Day By Day

Monday, September 12, 2005

Katrina and the Culture of Welfare

Wanna get your blood stirring? Just read this opinion piece by John McWhorter of the Manhattan Institute that appeared in the Sunday Times. In it he argues that the Katrina disaster exposed the fact that "Black poverty is the result of 30 years of misguided welfare rather than racism."

Want some more?

In 1966.... a group of white academics in New York developed a plan to bring as many people onto the welfare rolls as possible. Across the country, poor blacks especially were taught to apply for living on the dole even when they had been working for a living, and by 1970 there were 169% more people on welfare nationwide than in 1960.

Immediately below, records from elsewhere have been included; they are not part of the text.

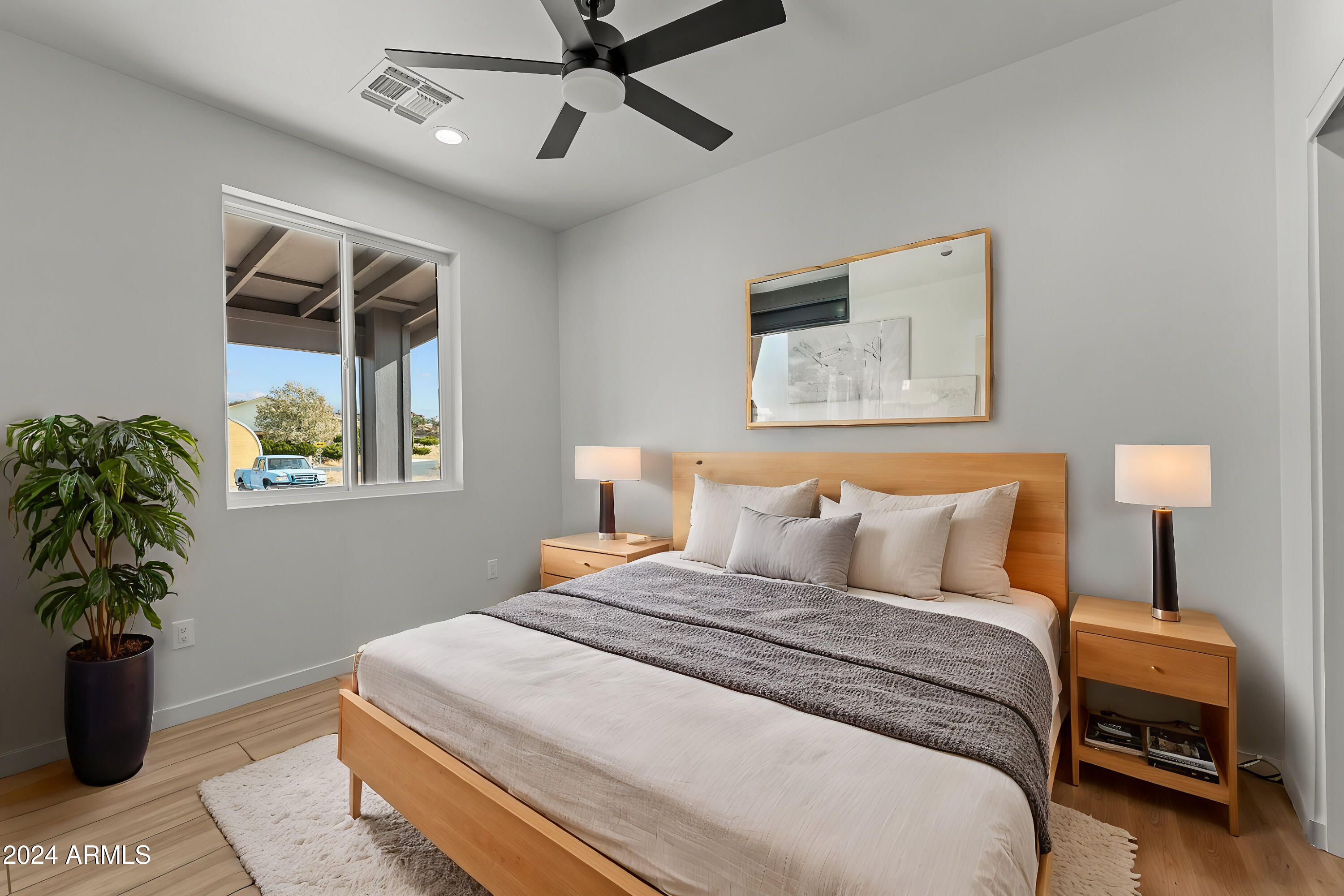 18473 Henry Coe Road Peeples Valley, AZ 86332 - Photo 23 of 31 a bedroom with a large bed and a potted plant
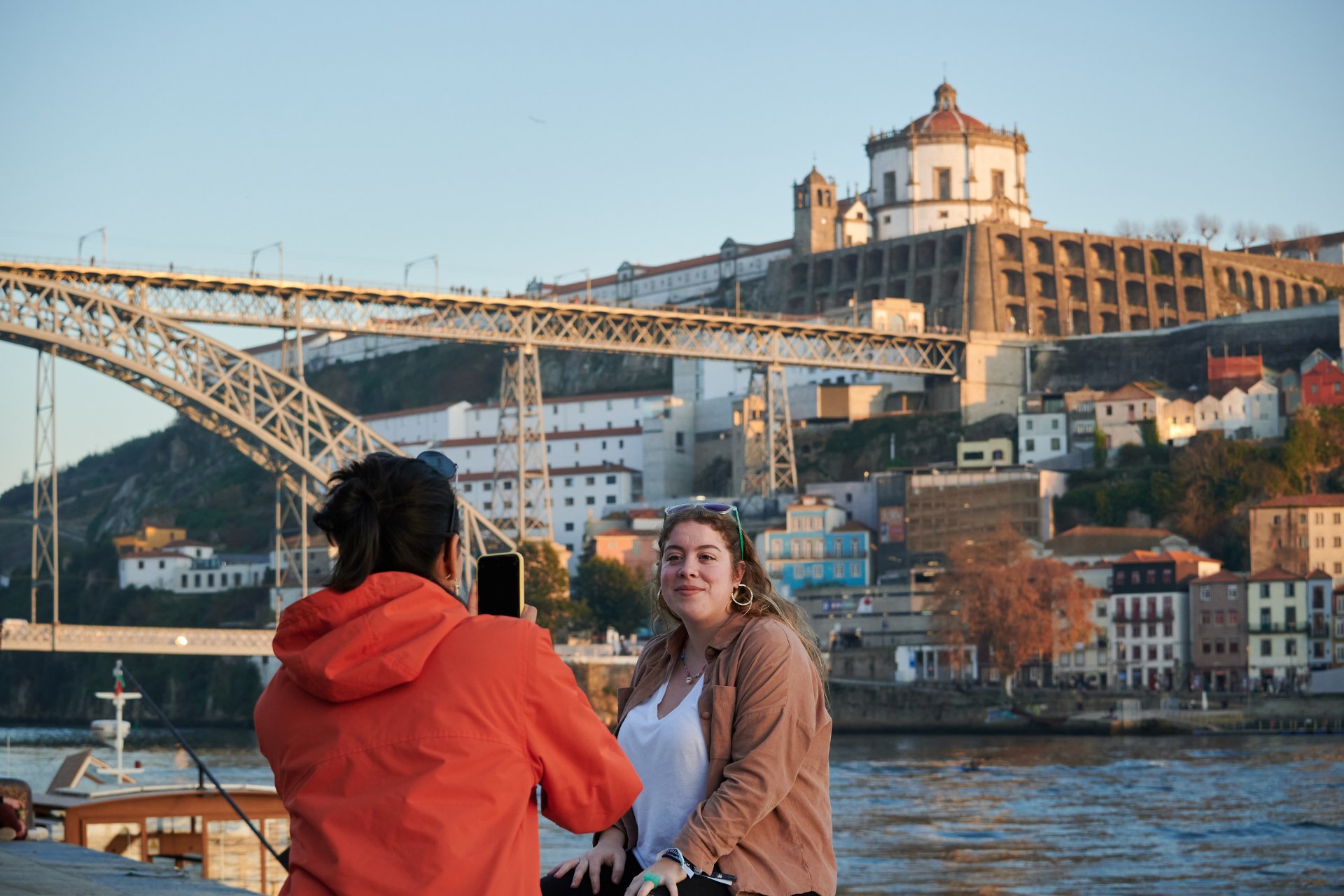 Una ragazza fotografa un’amica con un ponte di Porto sullo sfondo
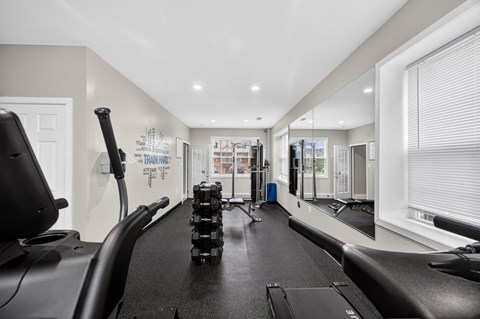 A treadmill is in a spacious gym with a mirrored wall.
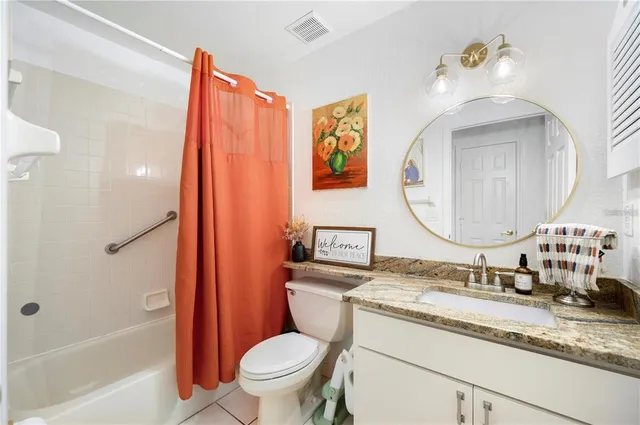 a view of a patio with a table and chairs under an umbrella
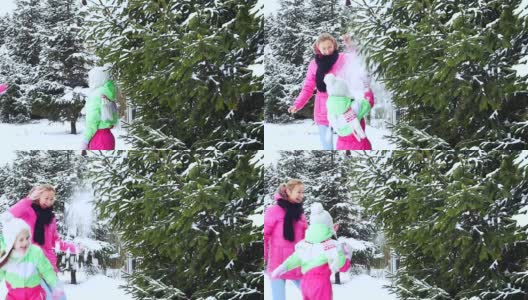 有趣,树,雪。妈妈摇树，雪花落在小女孩身上，小女孩很惊讶，很激动。高清在线视频素材下载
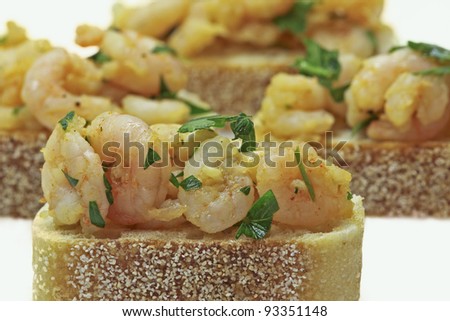 Small shrimp dressed in a garlic, red pepper flake, ground pepper, and curry dressing presented on a slice of sourdough bread. Shrimp tapas presented on a white background.
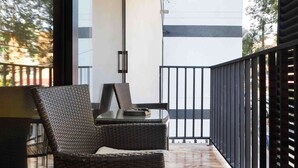 Varanda com mobiliário de vime e mesa de vidro, com vista para um edifício com fachada branca e guarda-corpo preto.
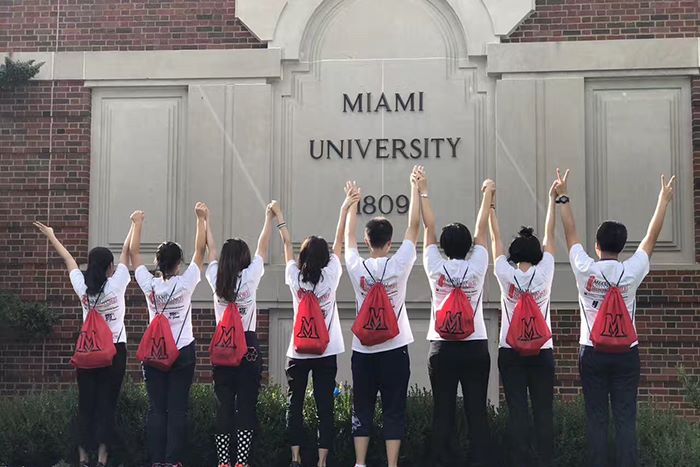 Students wearing matching Miami backpacks pose with their arms in the air in front of a large Miami University sign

This was the first time that whites or blacks had taught black people not to work as a form of civil rights. Politicians and bureaucrats jumped on the new opportunity for political patronage and votes, and welfare quickly became a programme that essentially paid young women to have children.

And what was the result? According to McWhorter, you saw it in those TV images of poor blacks clustered in the New Orleans Convention Center. Those are the victims of white liberals and politicians who created and sustained a welfare culture of abject dependency.

Gentlemen, start your engines...., vrooom, vrooom.

Oh, by the way, McWhorter is black. [Just in case you are one of those who believes that skin color shapes perceptions.]